This past year was another busy one for the internet. This year-end blog post highlights some of the top pieces of analysis that we published in the past 12 months. This analysis employs Kentik’s data, technology, and expertise to inform the industry and the public about issues involving the technical underpinnings of the global internet and how global events can impact connectivity.
This past year was another busy one for the internet. In this blog post, I will highlight some of the top pieces of analysis that we published in the past 12 months.
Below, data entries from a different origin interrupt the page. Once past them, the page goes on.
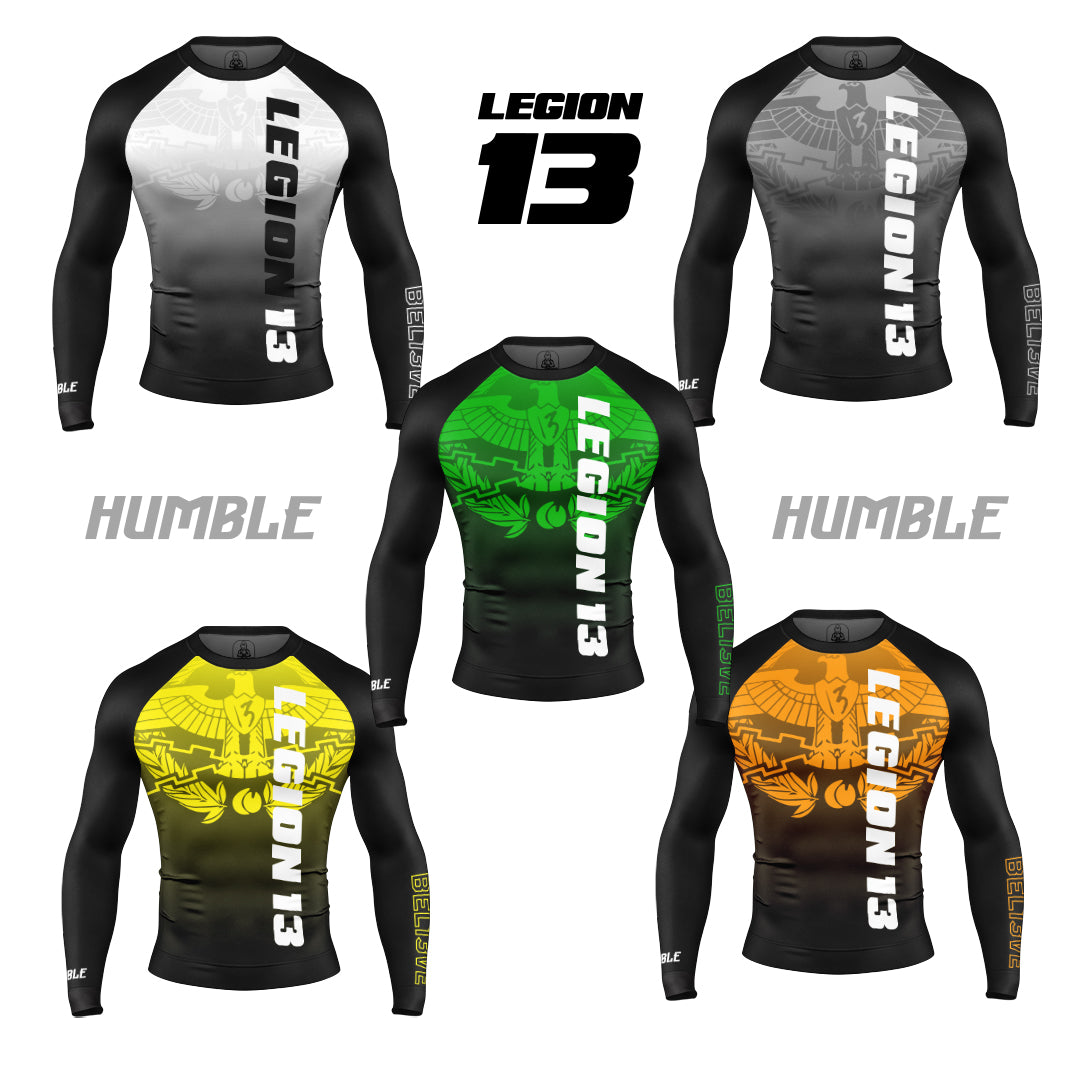 PRE- ORDER -KIDS Long Sleeve Ranked Rashguard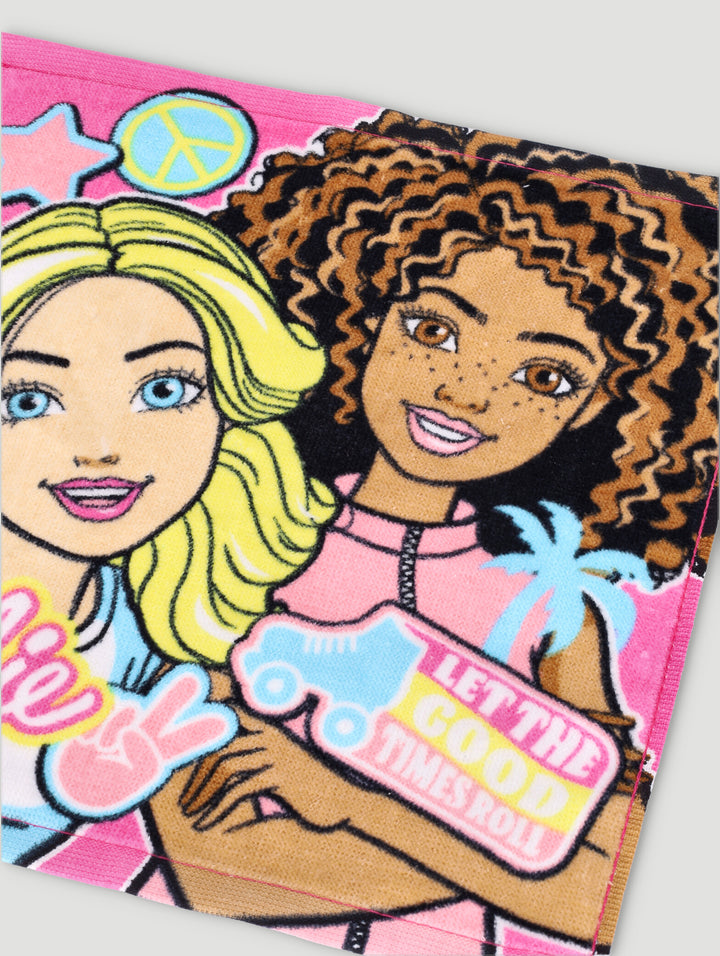 Pre-Girls Barbie Face Cloth - Pink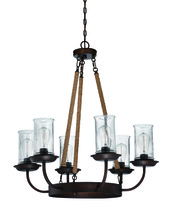 Craftmade 36126-ABZ - Thornton 6 Light Chandelier in Aged Bronze Brushed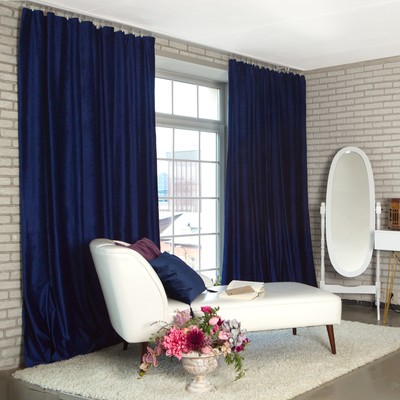 Штора портьерная «Этель», 230×270 см, валенсия голубая океан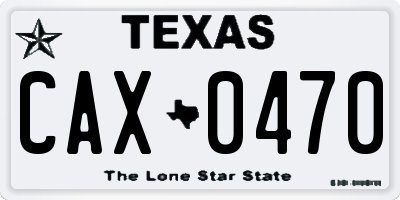 TX license plate CAX0470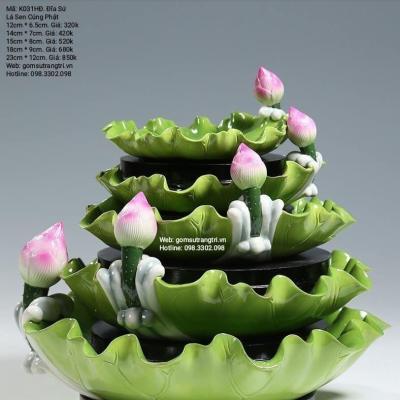 ĐĨA SỨ LÁ SEN CÚNG PHẬT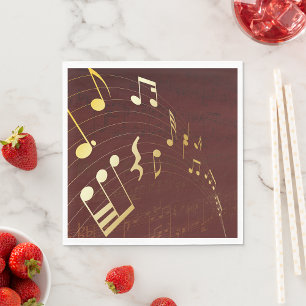 Musical Notes Background Napkin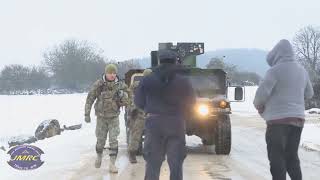 Road block training at JMRC HOHENFELS, BY, GERMANY 02.29.2020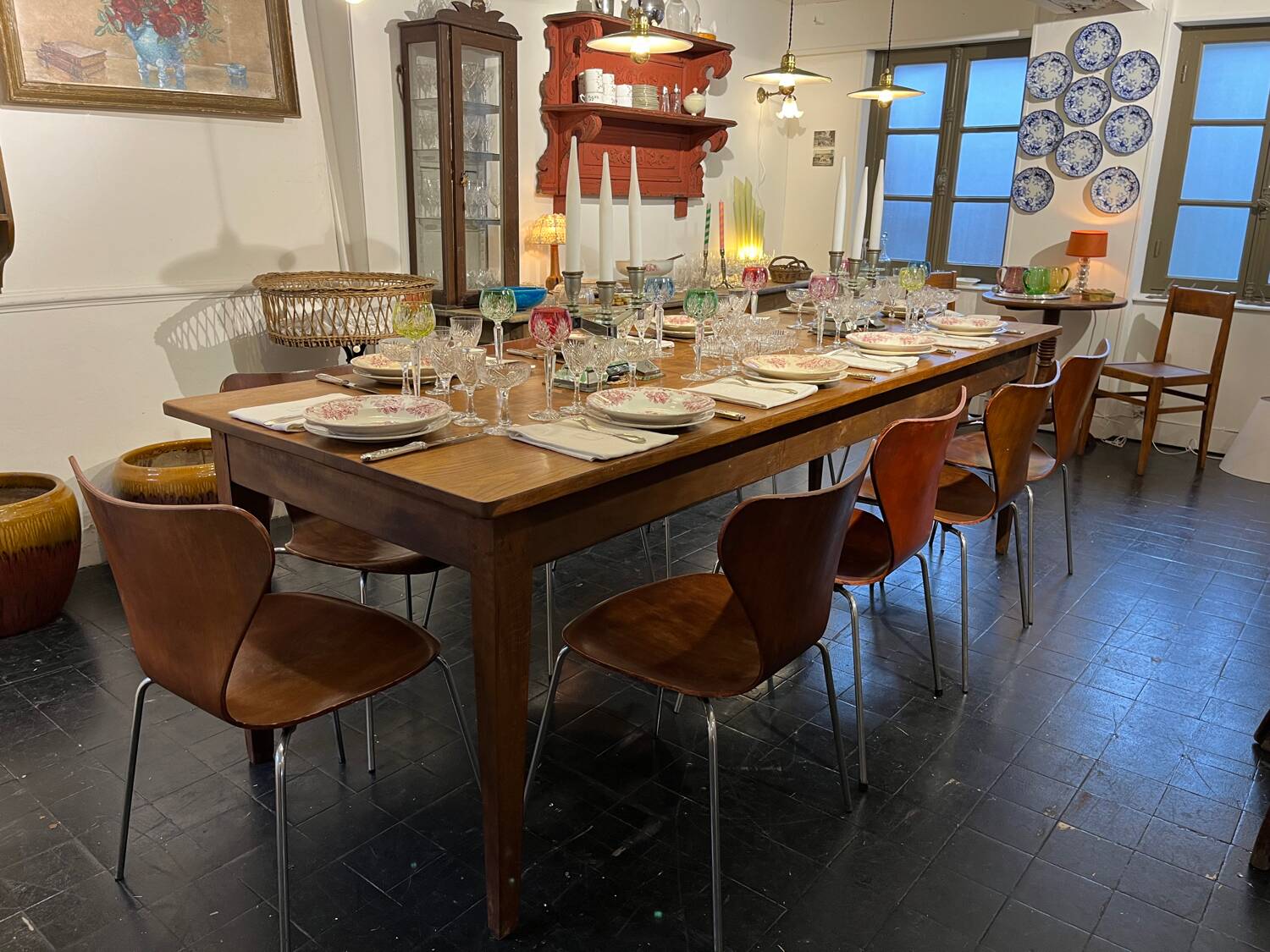 Large farm table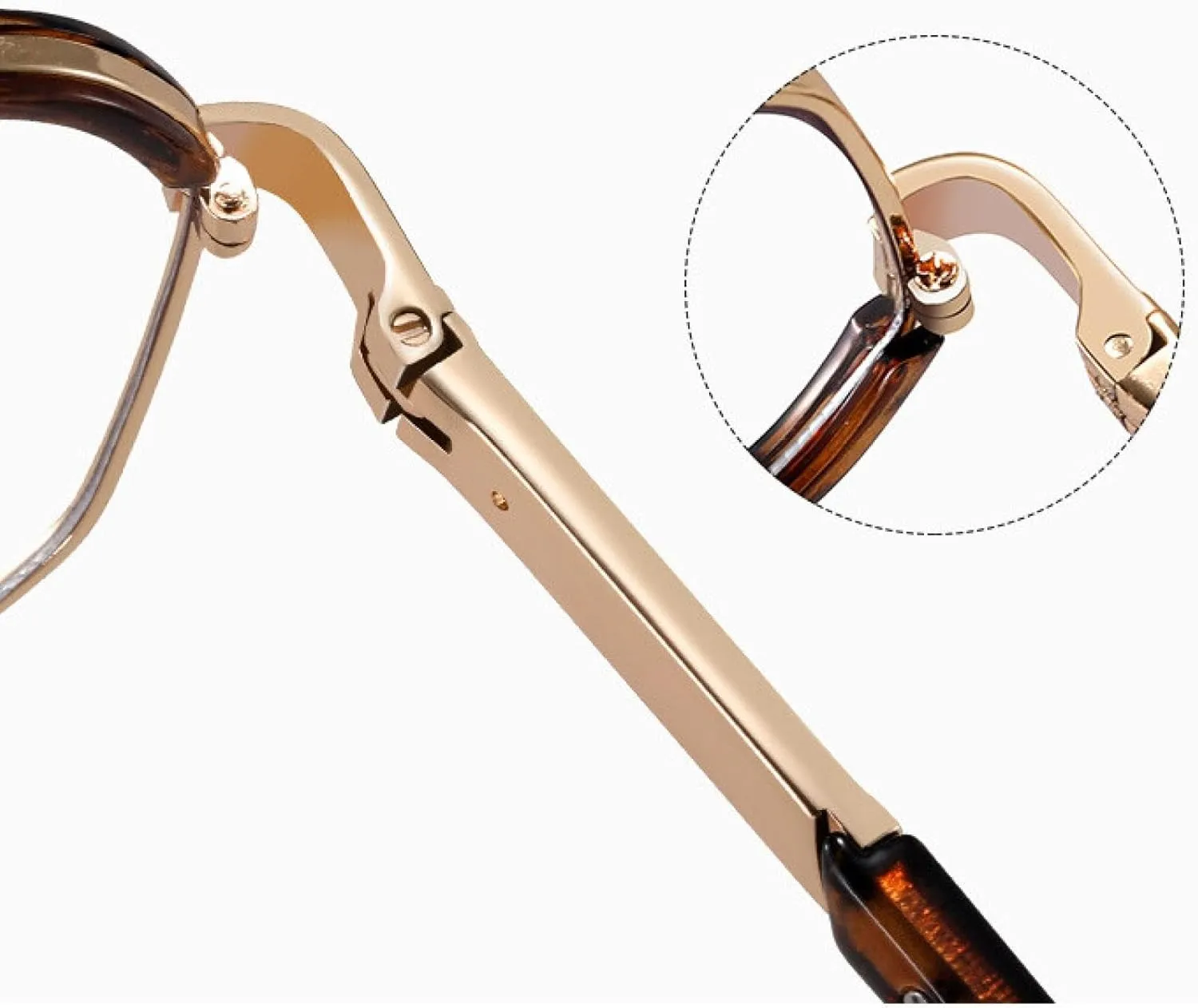Glasses Frame Fashion Spring Hinge Clear Eyeglass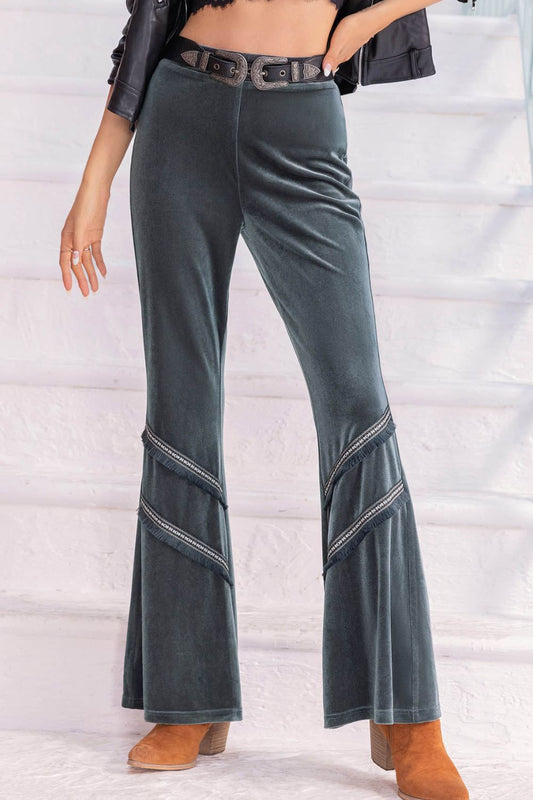 Long Wide Leg Pants - Kawaii Stop - Bottoms, Capris, Casual Chic, Cropped Length, Everyday Comfort, H.R.Z, Pants, Ship From Overseas, Shipping Delay 09/29/2023 - 10/04/2023, Tropical Style, Urban Fashion, Versatile Look, Wide Leg Pants, Women's Clothing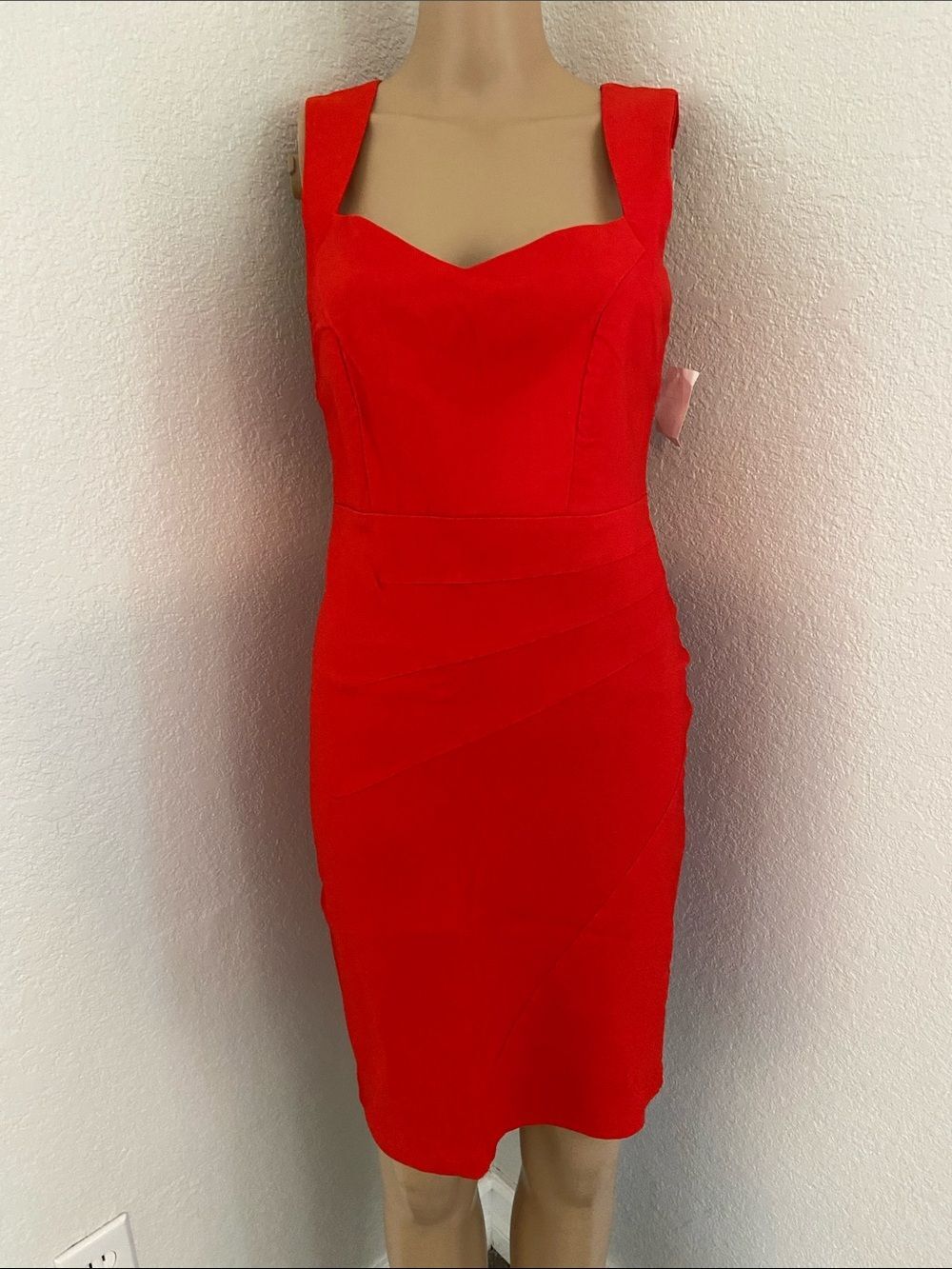New Charlotte Russe Redish/Orange Dress sz L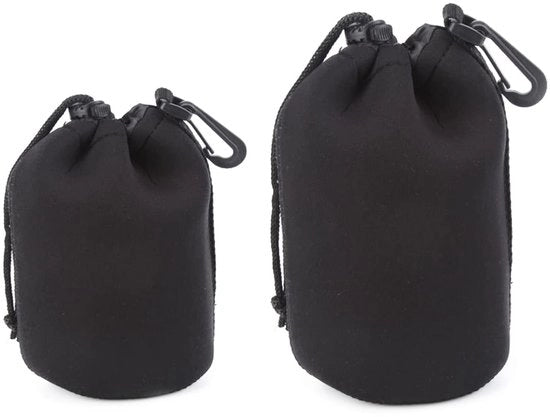 Accessori per fotocamera - Protezione per lenti - Impermeabile - Nero - 2 pezzi - Idoneo per lenti - Materializzato in Neopreen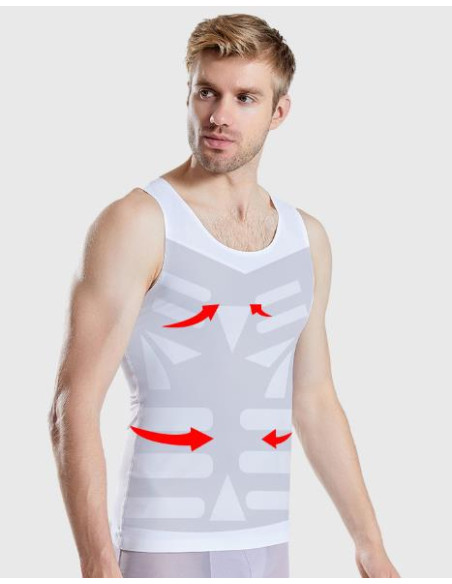 Утягивающая майка бесшовная Black 7025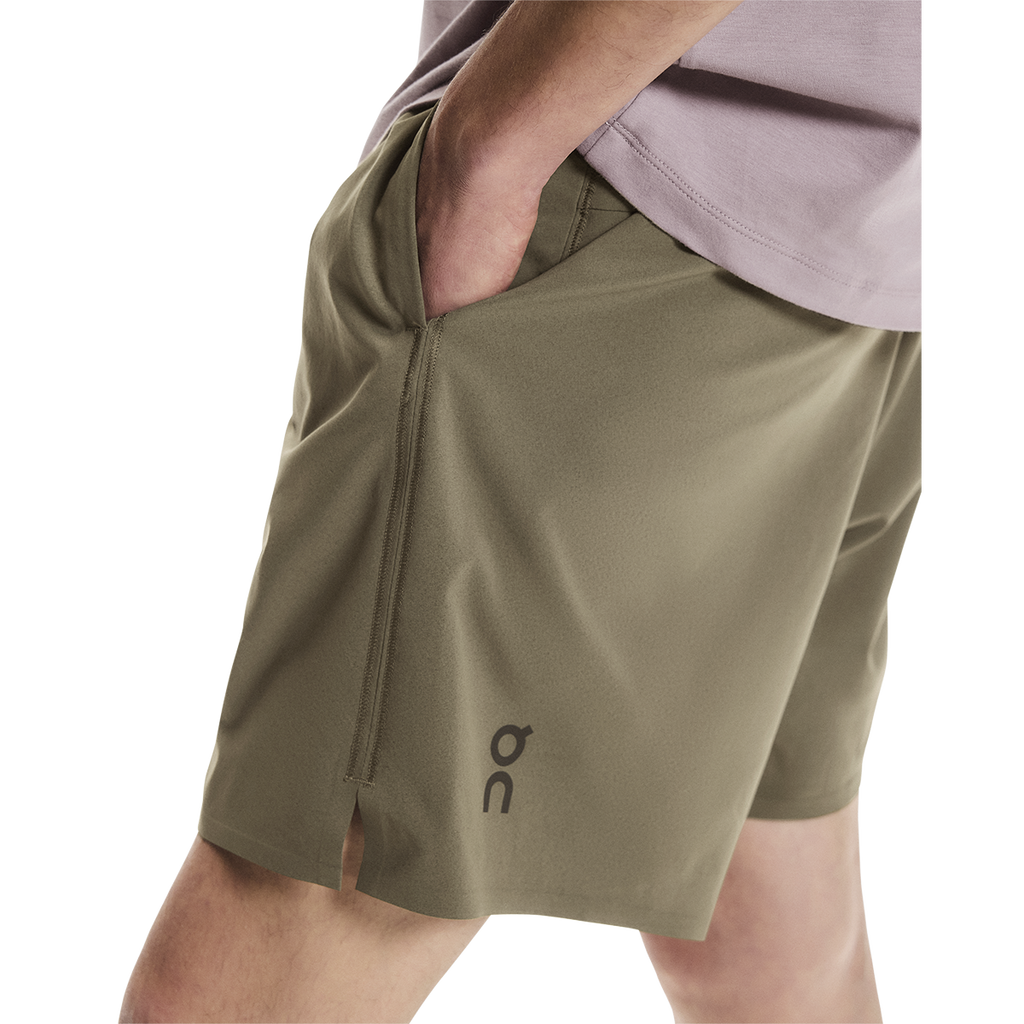 ON Focus Shorts — Pebble — Size Large — Detail View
This analysis employs Kentik’s data, technology, and expertise to inform the industry and the public about issues involving the technical underpinnings of the global internet and how global events can impact connectivity.
These posts are organized into two broad categories: major internet disruptions and BGP routing security.
The year began with a bang – literally! The eruption of an undersea volcano on January 15 in the south Pacific devastated the island nation of Tonga, killing three of its people and knocking out voice and internet communications.
I wrote a blog post following the outage, giving some history of connectivity in Tonga, which I had previously covered. I spotted Tonga’s submarine cable first carrying traffic on August 5, 2013. The cable was funded by the World Bank and Asian Development Bank due to its status as a “thin route,” a term for a submarine cable that promises a small (or thin) return on investment. The undersea eruption destroyed this cable, disconnecting Tonga from the world.
On January 20, we saw the first internet traffic to Tonga as the island began restoring its connection to the world via connections from satellite operators Speedcast and Kacific.
In June, a fiber outage in Egypt’s TransEgypt overland route, which connects submarine cables in the Mediterranean Sea to the Red Sea, caused international internet disruptions. In this blog post, we covered the outage by combining our data with that from Cloudflare Radar, IODA, and IIJ Research Lab. WIRED magazine later took this content about the history of Egypt’s role as a global internet chokepoint and expanded it into a feature story.
The post also offered a unique view from Kentik’s cloud measurements comparing how the outage impacted intra-cloud connectivity for Amazon Web Services, Microsoft Azure, and Google Cloud.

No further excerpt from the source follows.